Investor Conference Call and Webcast

First Potomac Realty Trust will host a conference call on Friday, October 26,
2012 at 9:00 AM ET, to discuss third quarter results. The conference call can
be accessed by dialing (877) 705-6003 or (201) 493-6725 for international
participants. A replay of the conference call will be available from 12:00
Noon ET on Friday, October 26, 2012 until midnight ET on Friday, November 2,
2012. The replay can be accessed by dialing (877)870-5176 or (858) 384-5517
for international callers, and entering pin number 400785.

A live broadcast of the conference call will also be available online and can
be accessed from the Investor Information page of the Company's website,
www.first-potomac.com, on Friday, October 26, 2012, beginning at 9:00 AM ET.
An online replay will be available on the above site shortly after the call
and will continue for 90 days.

About First Potomac Realty Trust

First Potomac Realty Trust is a self-administered, self-managed real estate
investment trust that focuses on owning, operating, developing and
redeveloping office and industrial properties in the greater Washington, D.C.
region. As of September 30, 2012, the Company's consolidated portfolio totaled
approximately 14 million square feet. Based on annualized cash basis rent, the
Company’s portfolio consists of 43% office properties, 36% business parks and
21% industrial properties. A key element of First Potomac's overarching
strategy is its dedication to sustainability. Nearly a million square feet of
First Potomac property is LEED Certified, with another million square feet
currently in development. Approximately half of theportfolio'stotal square
footage of multi-story office property is either LEED or Energy Star Certified
and 82% of First Potomac’s Washington, DC portfolio is Energy Star Certified.
FPO common shares (NYSE:FPO) and preferred shares (NYSE:FPO-PA) are publicly
traded on the New York Stock Exchange.

Non-GAAP Financial Measures

Funds from Operations – Funds from operations (“FFO”) represents net income
(computed in accordance with U.S. generally accepted accounting principles
(“GAAP”)), excluding gains (losses) on sales of real estate and impairments of
real estate assets, plus real estate-related depreciation and amortization and
after adjustments for unconsolidated partnerships and joint ventures. On
October 31, 2011, NAREIT issued revised guidance regarding the exclusion of
impairment write-downs of depreciable assets reported in FFO. As a result, the
Company began excluding impairment losses from FFO in the fourth quarter of
2011 and has restated FFO from prior periods to exclude such charges
consistent with NAREIT’s guidance. The Company also excludes, from its FFO
calculation, any depreciation and amortization related to third parties from
its consolidated joint ventures.
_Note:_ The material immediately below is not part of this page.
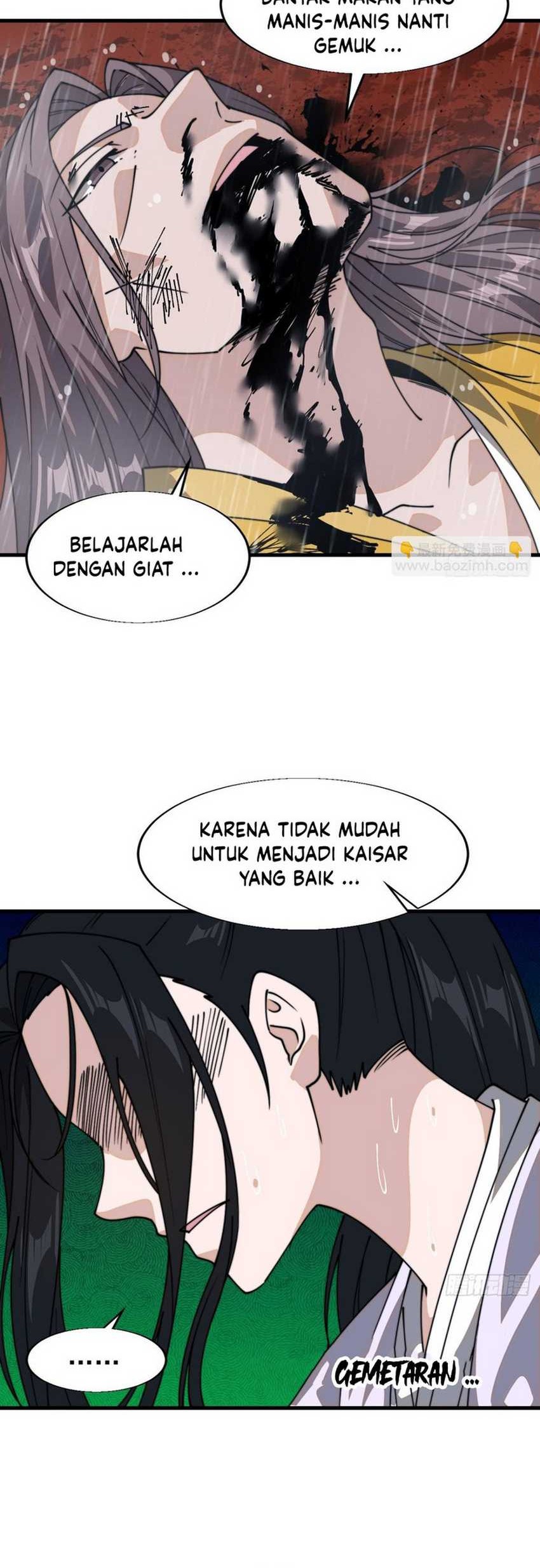 It Starts With A Mountain Bab 861 halaman 32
The Company considers FFO a useful measure of
performance for an equity REIT because it facilitates an understanding of the
operating performance of its properties without giving effect to real estate
depreciation and amortization, which assume that the value of real estate
assets diminishes predictably over time. Since real estate values have
historically risen or fallen with market conditions, the Company believes that
FFO provides a meaningful indication of its performance. The Company also
considers FFO an appropriate performance measure given its wide use by
investors and analysts. The Company computes FFO in accordance with standards
established by the Board of Governors of NAREIT in its March 1995 White Paper
(as amended in November 1999, April 2002 and January 2012), which may differ
from the methodology for calculating FFO utilized by other equity real estate
investment trusts (“REITs”) and, accordingly, may not be comparable to such
other REITs. Further, FFO does not represent amounts available for
management’s discretionary use because of needed capital replacement or
expansion, debt service obligations or other commitments and uncertainties,
nor is it indicative of funds available to fund the Company’s cash needs,
including its ability to make distributions. The Company presents FFO per
diluted share calculations that are based on the outstanding dilutive common
shares plus the outstanding Operating Partnership units for the periods
presented.

The Company’s presentation of FFO in accordance with the NAREIT white paper,
or as adjusted by the Company, should not be considered as an alternative to
net income (computed in accordance with GAAP) as an indicator of the Company’s
financial performance or to cash flow from operating activities (computed in
accordance with GAAP) as an indicator of its liquidity. The Company’s FFO
calculations are reconciled to net income in the Company’s Consolidated
Statements of Operations included in this release.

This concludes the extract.